Groß geworden ist der heute 56-Jährige auf der ‚Heide‘, dem Görgesheideweg in Osterath. „In einer Zeit, da sind wir im Winter noch vom Trecker die Straße mit 20 Schlitten rauf und runter gezogen worden“, erinnert er sich.
Heute lebt Keiner in Nürnberg und ist auf den Theaterbühnen Deutschlands zu Hause. Mehrmals im Jahr besucht er Familie und Freunde, die teilweise noch in Meerbusch leben.

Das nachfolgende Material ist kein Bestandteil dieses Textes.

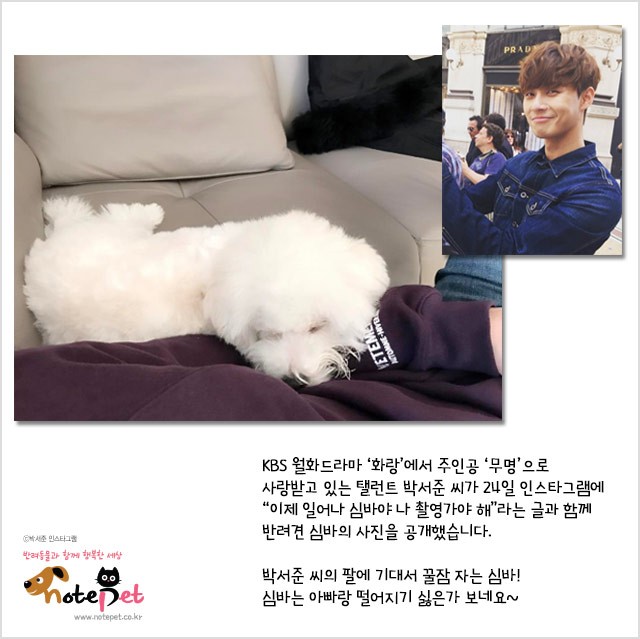 노트펫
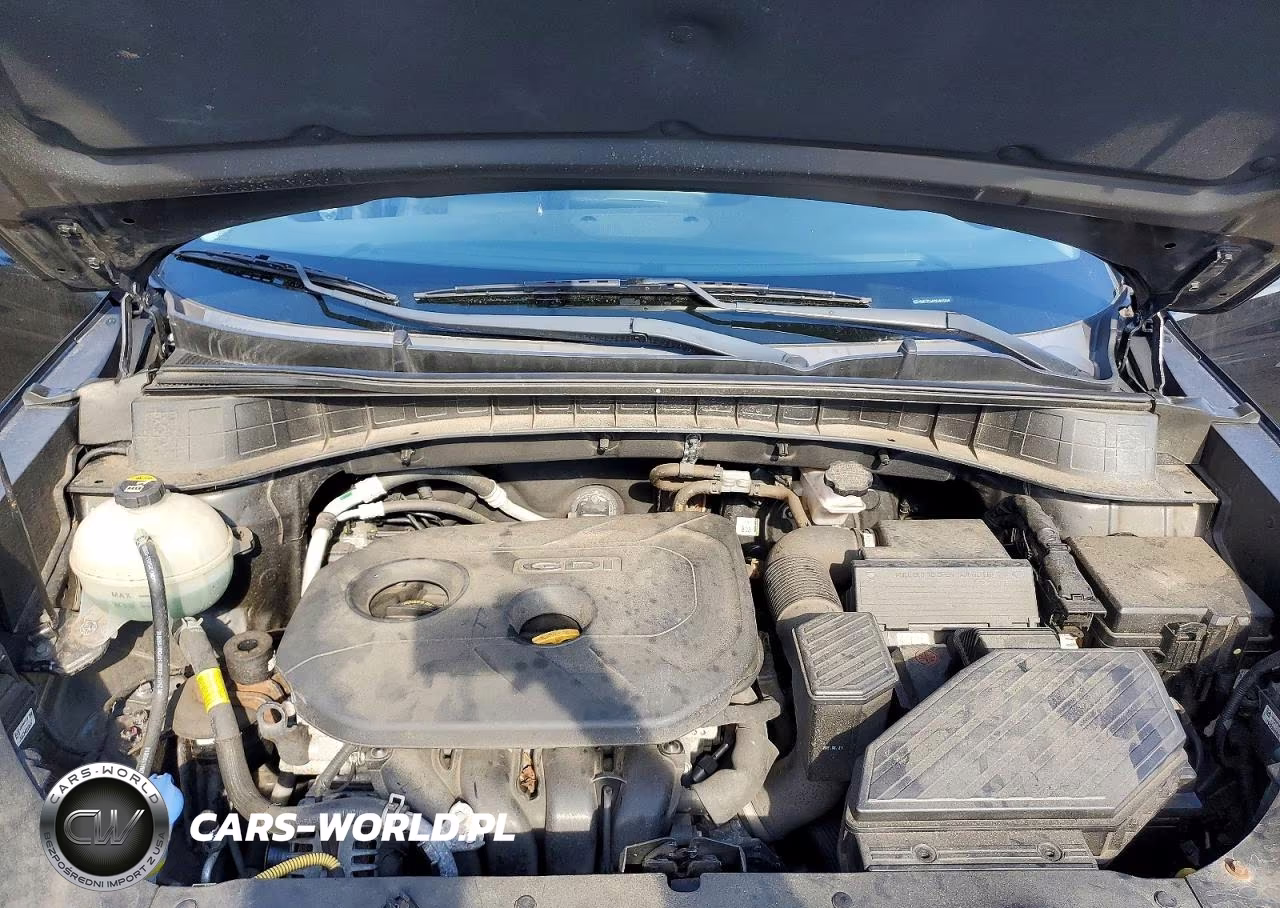 2019 Hyundai Tucson Se VIN:KM8J2CA4XKU846838 - 12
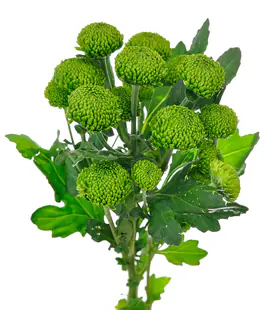 Хризантема Делигрин /Deligreen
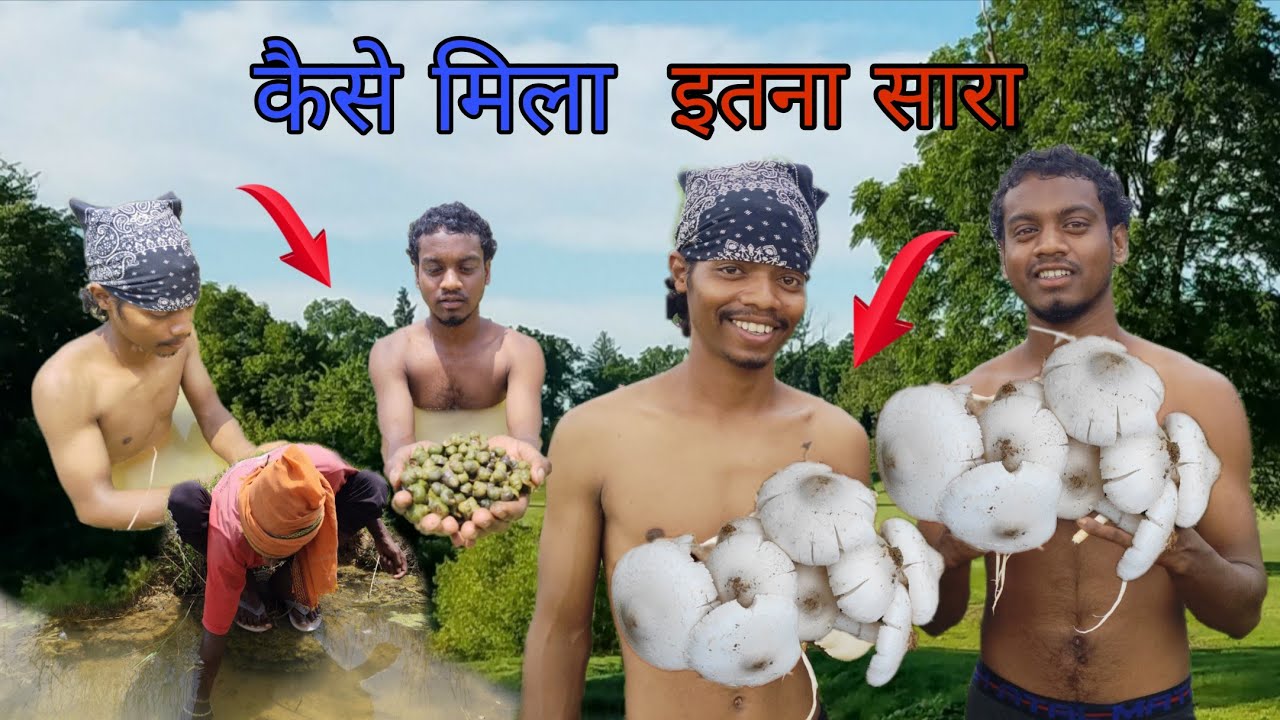 बहुत जादा घोंघा और मशरूम मिला 😀 KYSE MILA Etna Sara 🤔 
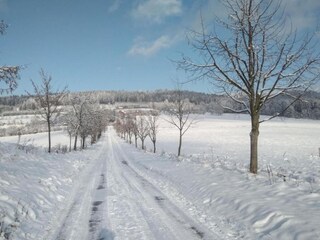 Apartment Mostek Environment 26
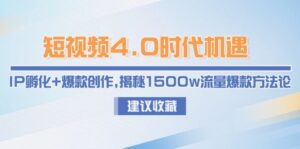 (15019期)短视频4.0时代机遇:IP孵化+爆款创作,揭秘1500w流量爆款方法论-中创网_分享创业项目_互联网资源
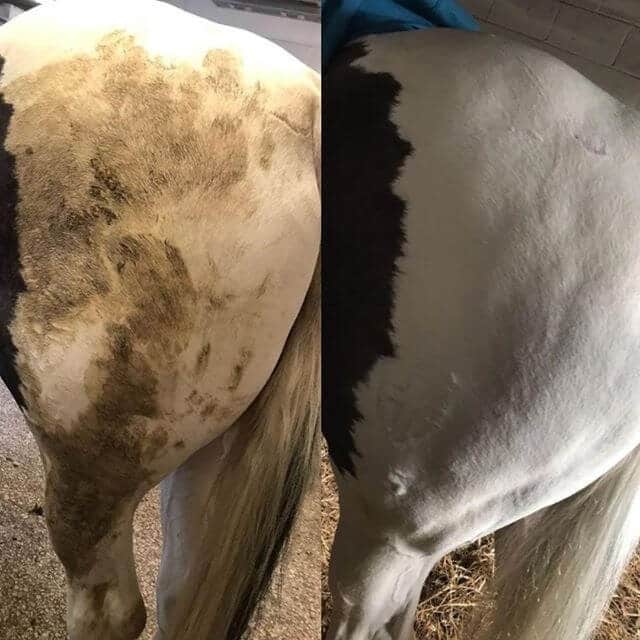 Smart Grooming Polar White Spray
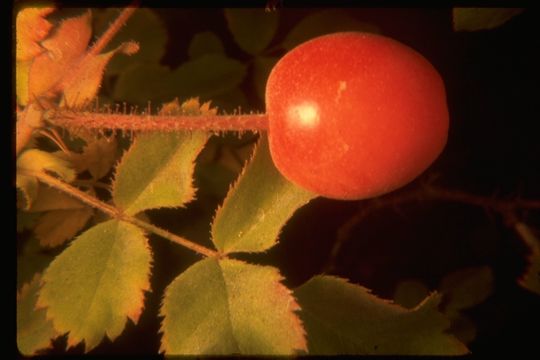 Image of dwarf rose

Die Stadt am Rhein ist für ihn nach wie vor seine Heimat. „Wenn man am Niederrhein aufgewachsen ist, bleibt man im Herzen wohl immer Niederrheiner“, sagt Keiner. „Was ich sehr vermisse, dass mir anderswo kaum jemals jemand spontan einen Witz erzählt, das passiert mir zuhause öfter.“
Im Radio als Sportjournalist zu berichten, war ursprünglich sein Traum. Es sollte jedoch anders kommen. Während des Sportstudiums in Köln lebte Keiner mit einem Theaterregisseur zusammen, der ihn mit der Bühne in Kontakt brachte. Als angehender Radioreporter wollte Keiner beim Proben seine Artikulation verbessern, ergatterte jedoch gleich die Hauptrolle bei der Gruppe „Countercheck Squarrelsome“. Das Ensemble inszenierte unter der Regie von Karin Beier, die heute das Schauspielhaus Hamburg leitet, Shakespeare-Werke in der Originalsprache. Das passte, denn Keiner ist großer Shakespeare-Fan.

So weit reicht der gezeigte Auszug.